Oklahoma Sooners

Lincoln Riley Discusses Concerns for His ‘Family’s Safety’ Following Exit from OU

NCAA Football: Cotton Bowl-Tulane at Southern California

USC Head Coach Lincoln Riley has had quite an eventful career as a head football coach, and has had plenty of success with the Trojans since taking the job following the 2021 season. Last year, he helped yet another protege to a Heisman Trophy, this time Caleb Williams.

Now, leading the No. 6 Trojans into their final season in the Pac-12, Riley is living the good life in the beautiful hills of Los Angeles, and can live a more “normal” life as the football coach at USC, among many other celebrities in and around Hollywood.

In a recent appearance on In Depth with Graham Bensinger, Riley detailed some of the things that have been different about his new lifestyle as the football coach at USC, but he also dove into some greater details about his exit from Oklahoma.

 

If you follow college football, even casually, you know that Riley’s exit from Norman was anything but a clean break. However, as he and his wife (Caitlin) describe it, the decision required the Riley family to have armed security. According to Riley, several people tried to break into his house in the days following his departure from Oklahoma.

“Yeah, we had multiple different people try to break into the house in the days after it happened,” Riley said. “95% of the fans and the people out there at Oklahoma, or anywhere else, are great. But, you typically always have that percentage that, at times, takes it too far. Obviously, this was one of those instances.”

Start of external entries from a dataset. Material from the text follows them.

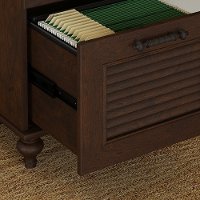 Cherry Brown 2 Drawer Wood File Cabinet-5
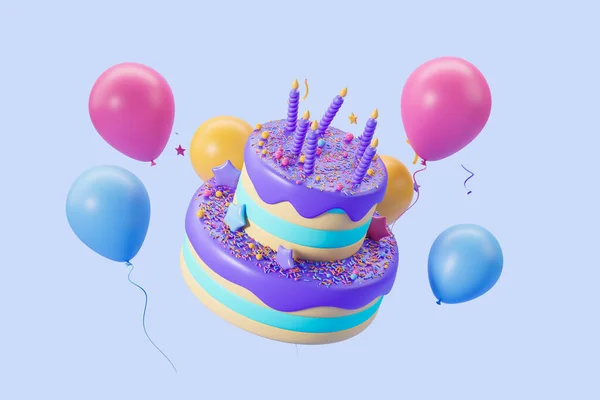 View Big Yellow Purple Birthday Cake Lit Candles Multicolored Balloons — Stock Photo, Image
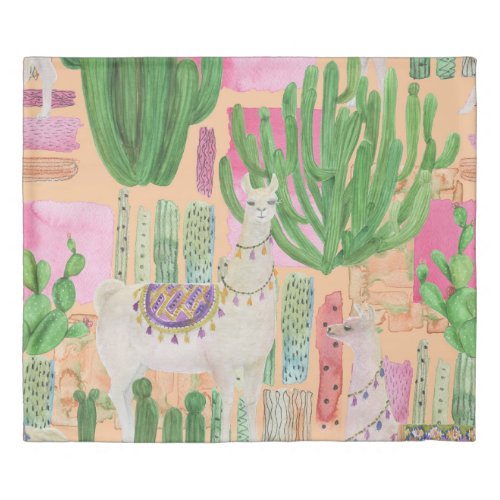 Watercolor llamas cacti seamless pattern duvet cover
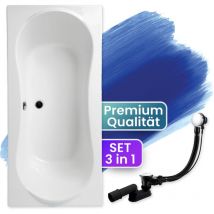 Badland - Badewanne Rechteck 170x80, Ablaufgarnitur & Füßen gratis - Komplettset 3in1 Original Acryl Wanne Premium Siphon - Made in eu long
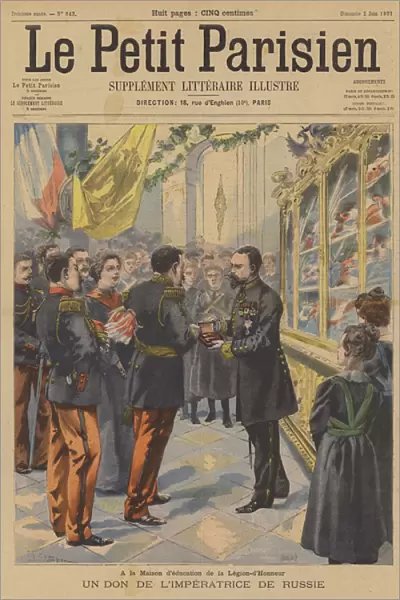 Presentation of a gift from the Empress of Russia at the Palace of the Legion d Honneur, Paris (colour litho)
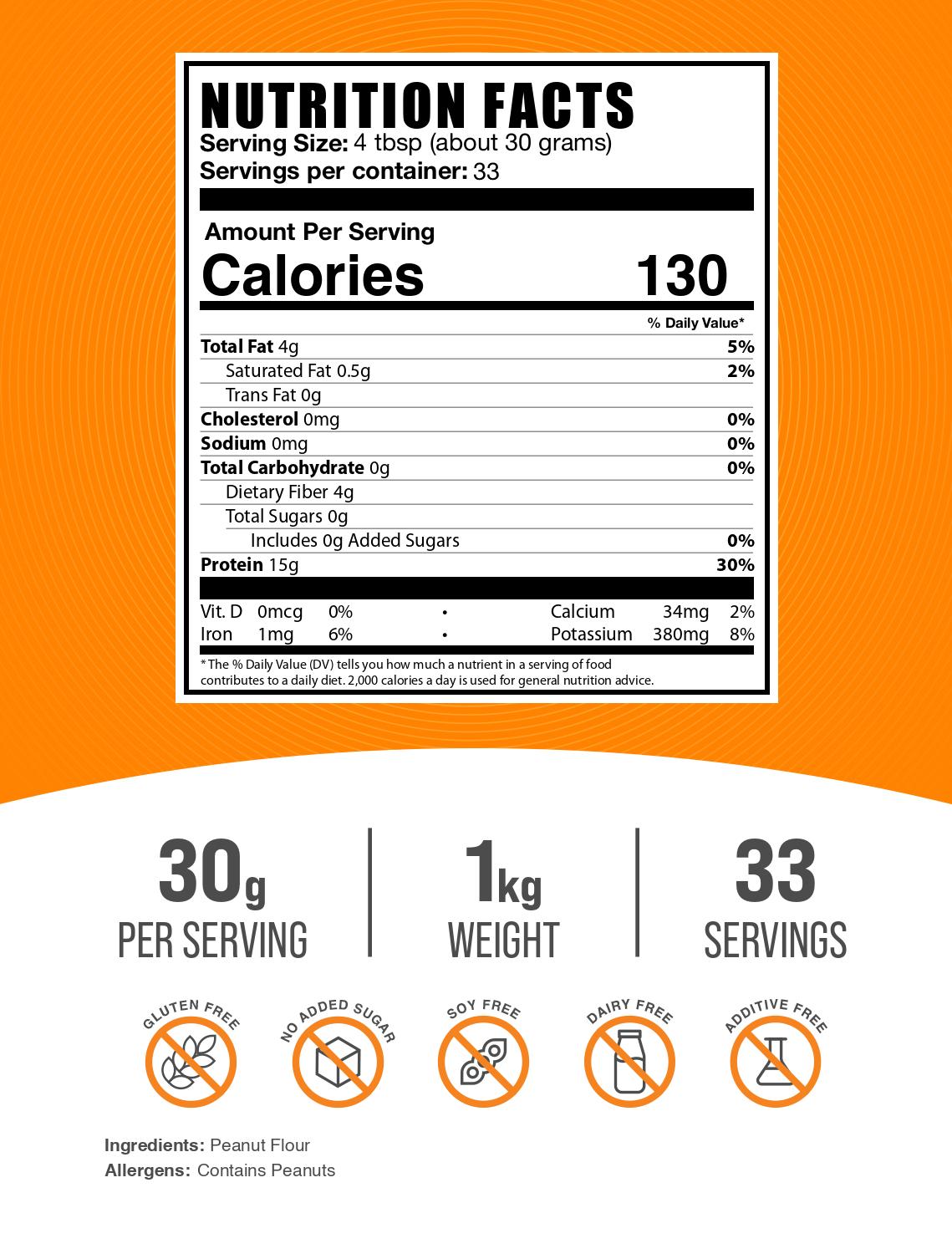 Peanut Flour Powder 1kg Label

Bensinger, who is conducting the interview says that Riley received packages and that someone had gotten ahold of his nine-year-old daughter’s cell phone number, which obviously alarmed Riley and his wife.

 

“My family’s safety,” Riley said when asked what the scariest part of the experience was. “I didn’t care about the house, or anything else. Just their safety. We wanted the girls to be able to finish out of school because the semester was almost over. But, as that stuff transpired, we said, ‘No, we gotta get ’em the hell out of here as fast as we can.'”

Obviously, for any parent, that would be a terrifying situation, so the Rileys got out of Oklahoma and planted their roots in Southern California.

Since the move, Riley says that he loves having some of the anonymity back in his life after being the equivalent of a movie star in Norman.

 

“It’s been one of the best parts of this job, especially having young children,” Riley says of regaining anonymity as a part of the LA community. “I was extremely conscious, and at times probably over-conscious of, my first run as a head coach, of always being in the public eye. I got where I wouldn’t go out to eat. I love coaching. I love all of the things I get to do, but I don’t like [the celebrity aspect of being a coach], I’ve always been a little uncomfortable with that part of it. That was a huge selling point for me here, we’re not the only show in town.

“There’s a great article that somebody sent me right before I took this, and I remember reading it when it came out. They interviewed head coaches at major schools at the time, and it was like, ‘What do you do when you have time to get away?’ They get to Pete Carroll when Pete was here [at USC], and Pete said, ‘Well, I don’t have to go anywhere. I can go out to eat at night and nobody even cares that I’m in there because they’re looking over at George Clooney and that person from Friends.’ When you’re coaching at a small college town at a major university, you are George Clooney or the person from Friends.

Riley then goes into the aspects off the field that seem to fit him much better at USC than they did at Oklahoma.

“The advantages here for a coach, especially a coach that has young children, fit us,” Riley said. “I think I’m more relaxed. I think life outside the office has been much more normal here, and because of that, I think more normal for our children, which is most important.”